New Zealand rugby league has lost its oldest surviving Kiwi representative and one of its most enduring personalities with the passing of Ray Cranch at the age of 98.
A wonderful character and thorough gentleman, prop-second rower Cranch (Kiwi #341) toured Great Britain and France with the Kiwis in 1951-52 without being able to break into a Test side which boasted an impressive first-choice pack including Cliff Johnson, Bill McLennan, Frank Mulcare, Charlie McBride and Alister Atkinson.
Of his selection in the Kiwis, he said: “It was one of the greatest things in my life to be chosen to represent New Zealand. Rugby league is the best game in the world. I wouldn’t want to play anything else.”
A Mount Albert stalwart, ‘Cranchy’ fashioned an impressive rugby league career after serving with the New Zealand Army in the Second World War, including fighting in the trenches in battles at Monte Cassino in Italy.
When talking about his war experiences, Cranch, who rose to the rank of lieutenant, said he had a couple of narrow escapes. “I feel lucky to have survived it and to have seen the places I did,” he said.

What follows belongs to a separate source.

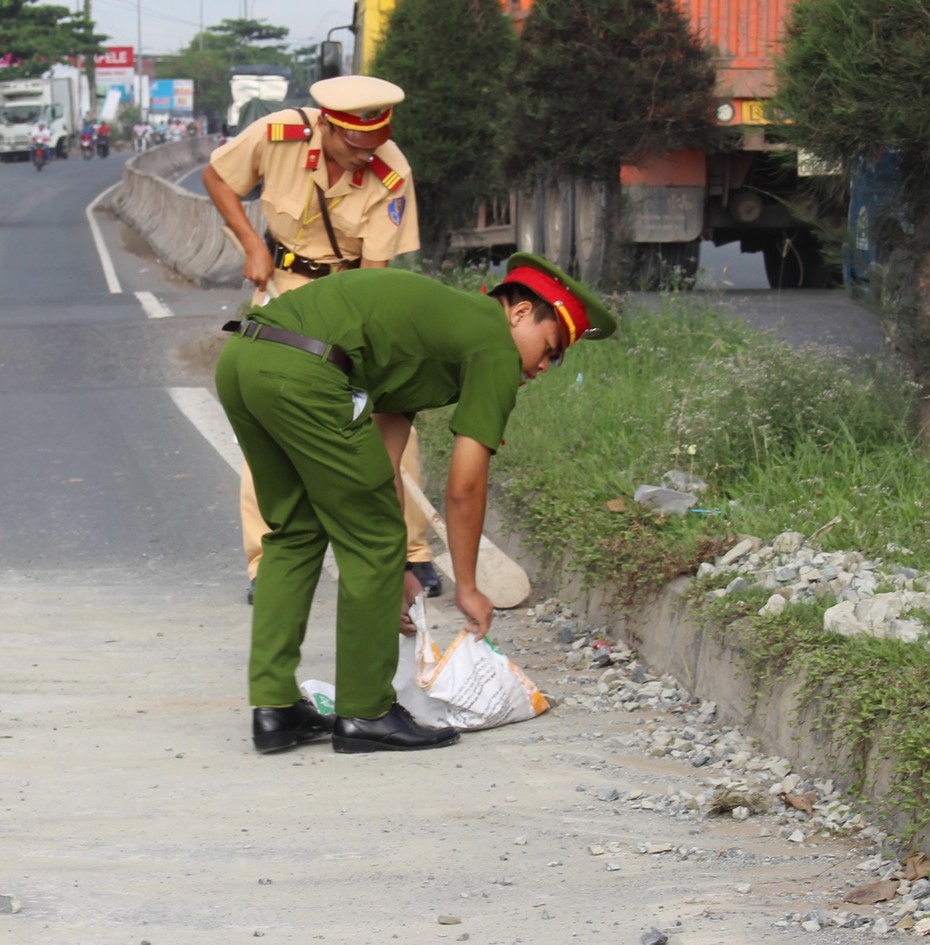 CSGT quét dọn đá dăm trên đường giúp dân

His memories remained vivid almost to the end, not least one particular moment at Monte Cassino.
“The most embarrassing thing was I was lying in this slit trench with shells bursting all around me and I’m screaming: ‘I’ll be good if I can get out of this, I promise I’ll be good’. So you can imagine the sort of state you’re in,” said Cranch in one interview.
Sport was central to Cranch’s life either side of the war.

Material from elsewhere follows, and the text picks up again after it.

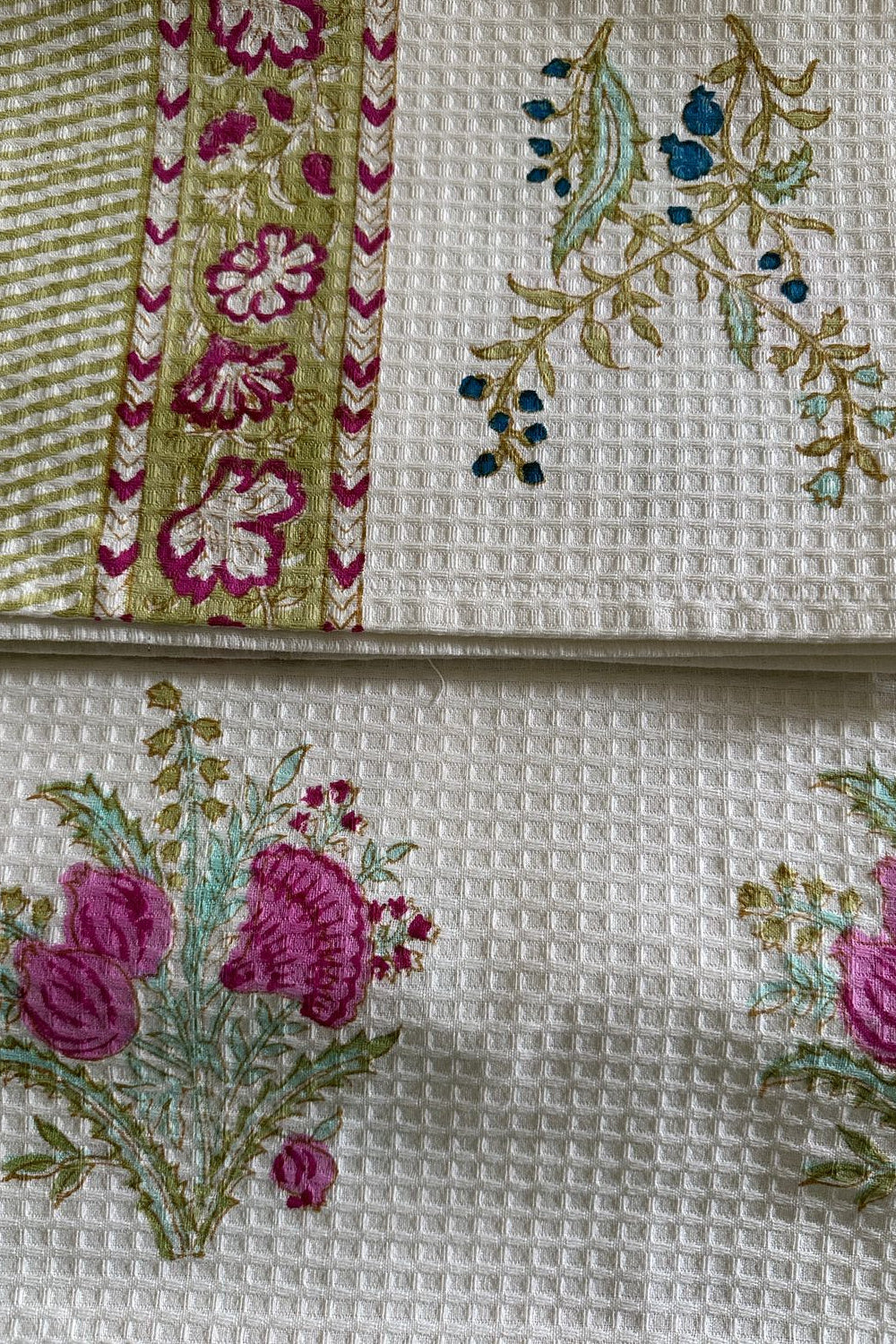 Embroidered fabric with floral patterns on a textured white background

Softball and surf life saving figured large. He captained the Auckland softball team and had long links with the Piha Surf Life Saving Club.
It was rugby league, though, which was the dominant force, Cranch rising through the ranks to play for and captain Auckland before being selected for the Kiwis. Later he moved into administration where he gave his time selflessly filling a raft of roles including managing the New Zealand Colts in Australia in 1973 while he was also an Auckland selector and team manager.
For more than 20 years Cranch was an ever-popular host as secretary-manager of the Auckland Leagues Club in Parnell. He also served as the club’s president and was made a life member.
Life memberships were awarded by both the Auckland Rugby League and the New Zealand Rugby League while he was made a Member of the New Zealand Order of Merit (MNZM) in 2006 for his services to sport, principally rugby league.
Last year the Auckland Rugby League announced its Premier 2nd competition would be named the Ray Cranch Cup.
“You don’t start out trying to be idolised or eulogised or anything like that. All you try to do is to do your best and I feel like I’ve always done my best. Words fail me,” he said on being recognised with the Ray Cranch Cup.
His love of the game never wavered. He was an avid watcher of the game, his room at the Sir Edmund Hillary Retirement Village adorned with rugby league memorabilia including a Vodafone Warriors flag hanging on his door.
Annual Ex-Kiwis’ reunions will never be the same. ‘Cranchy’ was a regular attendee and this year’s event was set to feature a special tribute to him.
He always had a twinkle in his eye, a ready smile and a warm heart. He’ll always be fondly remembered as a rugby league man who played and lived the game to the hilt. Farewell Cranchy.